Single by Chage and Aska

from the album Tree
- B-side: "Kokuhaku"
- Released: 1991
- Genre: J-pop
- Length: 4:46
- Label: Pony Canyon
- Songwriter: Ryo Aska

Chage and Aska singles chronology
| "'Taiyou to Hokori no Naka de'" (1991) | "Say Yes" (1991) | "'Boku ha Kono Me de Uso wo Tsuku'" (1991) |

Music video
- Say Yes on YouTube

= Say Yes (Chage and Aska song) =

"Say Yes" is a Japanese single by Chage and Aska, released by Pony Canyon in 1991. The song was used as a theme of the Japanese television drama 101 kaime no Propose (101回目のプロポーズ). It was regarded as a wedding song.

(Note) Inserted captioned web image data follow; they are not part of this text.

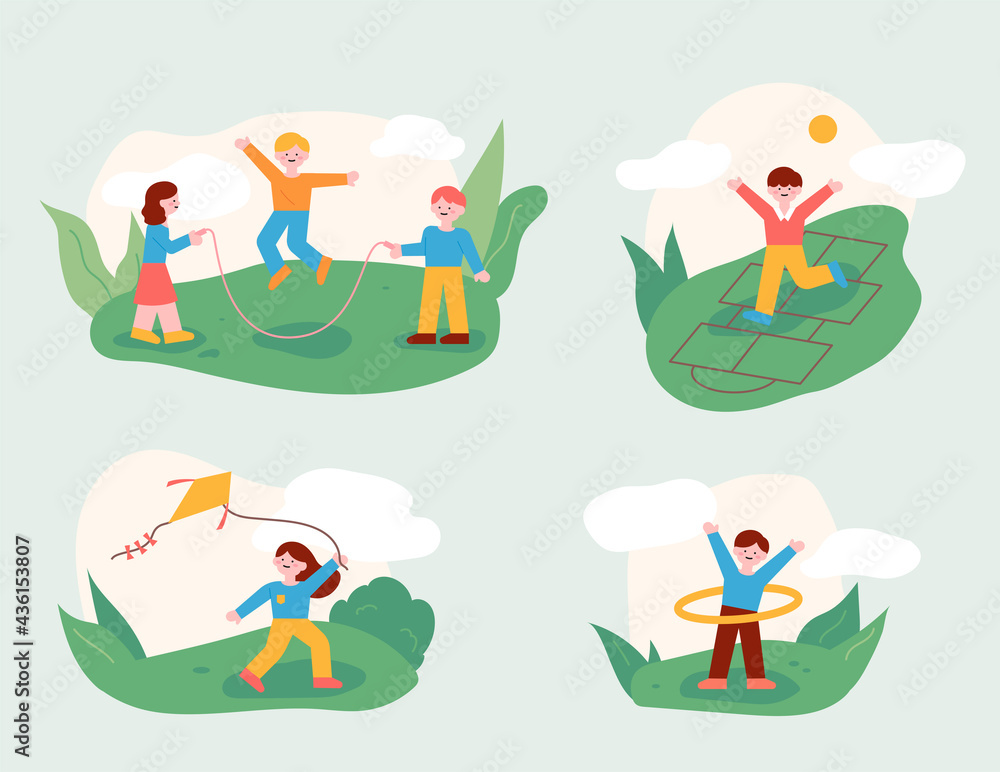 The children are playing with their friends in the park. A play of childhood memories. flat design style minimal vector illustration.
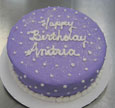 lavender frosting w/white dots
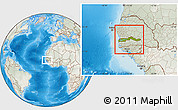 Physical Location Map of The Gambia, lighten, semi-desaturated, land only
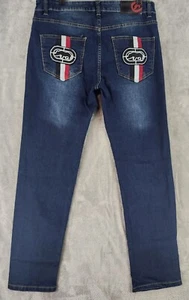 Ecko Unltd Jeans Mens 32 Blue Denim Embroidered Logo Distressed Streetwear Pants - Picture 1 of 13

On the Japanese Oricon weekly single charts, "Say Yes" spent 13 consecutive weeks at the number-one position. The single became the best-selling song for the duo. It sold over 2.82 million copies and is the sixth best-selling single in Oricon charts history.

== Chart ==
Weekly

| Chart (1984) | Peak position | Appearances (Weeks) |
|---|---|---|
| Japanese Singles Chart | 1 | 39 |

==Cover versions==
In 1992, both Hong Kong singer Raymond Choi and Chicago band's Jason Scheff covered this song in Cantonese and English respectively. Debbie Gibson also covered the song in English differently, in her 2010 Japan-only release Ms. Vocalist. The song also has a Maldivian cover by Maldivian singer Ali Rameez, made for the hit film Amaanaaiy in 1998.